No parece menos significativo el intento de imponer un relato público del conflicto que los menos escuchados fueran los vecinos autóctonos y más antiguos del barrio, no pertenecientes a ninguna de las comunidades enfrentadas por el crimen. Sólo recuerdo la magnífica crónica in situ del periodista Bru Rovira que les daba voz. Y, finalmente, conociendo como conocemos el afán de determinadas oenegés para denunciar racismo a la más mínima y en todas partes, también hay que destacar su silencio, que en este caso hay que suponer que es calculado y voluntario.
Todo ello, me lleva a tres consideraciones finales. La primera, parece notorio que el hecho de que el agresor fuera de etnia gitana explica el uso de todos los arsenales retóricos para negar la calificación del crimen de racista. Hay crímenes que merecen repudio público en forma de concentraciones oficiales con minutos de silencio. Pero determinados prejuicios concebidos como una forma de corrección política hacen que unos crímenes se consideren «un hecho aislado», como éste, y otros, la expresión de una «lacra social», como sería el caso de un autóctono contra un norteafricano o el caso de la violencia dicha de género. En segundo lugar, los relatos públicos sobre los conflictos sociales más que responder tanto a querer saber lo qué ha pasado, tratan de disimularlos para evitar, se supone, males mayores. Pero, cuando los relatos se alejan demasiado de la realidad, acaban generando más desconfianza y suelen exasperar el conflicto. De buenas intenciones el infierno está empedrado…

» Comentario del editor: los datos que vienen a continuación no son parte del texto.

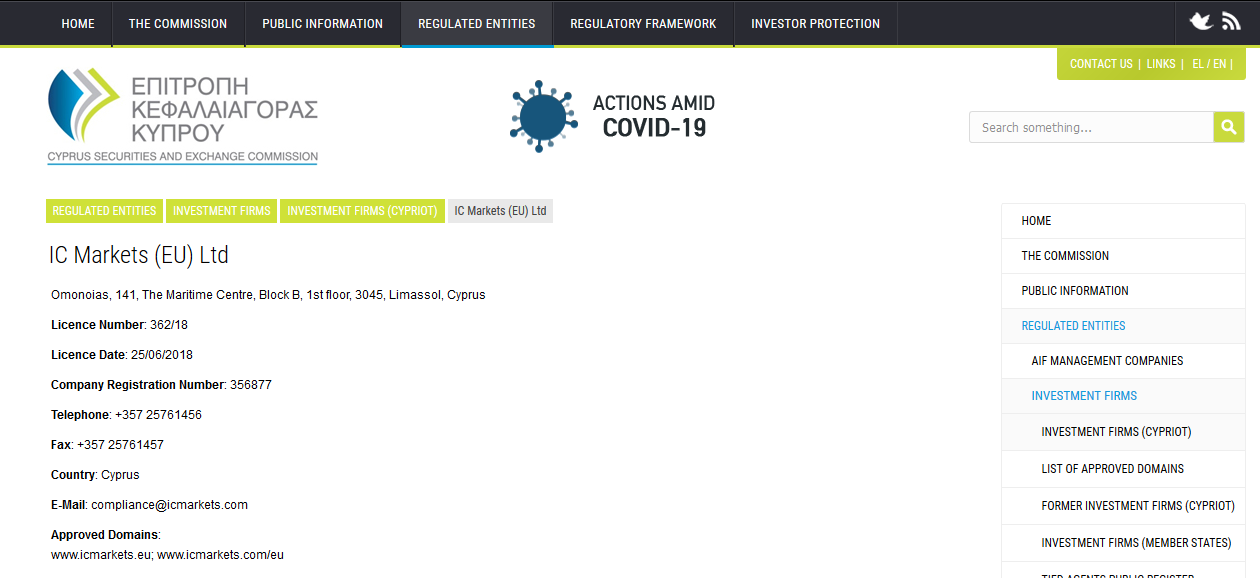 IC Markets regulated with CySEC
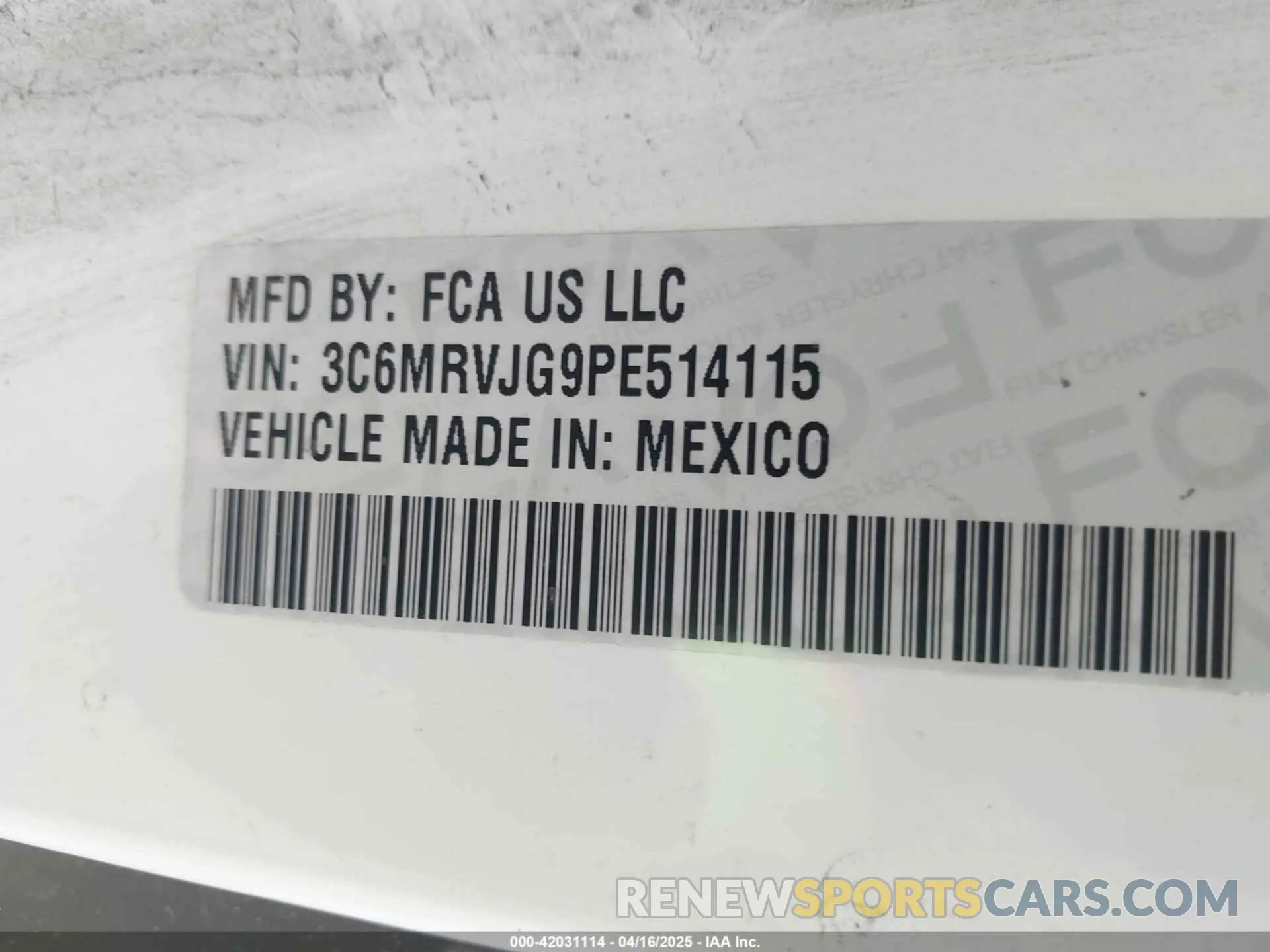 9 Photograph of a damaged car 3C6MRVJG9PE514115 RAM PROMASTER 3500 2023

Finalmente, para aportar una hipótesis propia, creo que debería considerarse si estos conflictos vecinales entre etnias son expresión o no de una lucha por la ocupación del territorio. Hay buenos estudios de los que podríamos aprender mucho, como The South Side (1998), de Louis Rosen, sobre la transformación del conocido barrio de Chicago y la sustitución de la comunidad judía por la negra. O The New East End (2006), de Michael Young y otros, un análisis crítico al modelo multicultural en el east End de Londres. Incluso para resolver los conflictos sociales, antes que controlarlos a través de prejuicios bienintencionados, conviene hacer un esfuerzo para comprenderlos.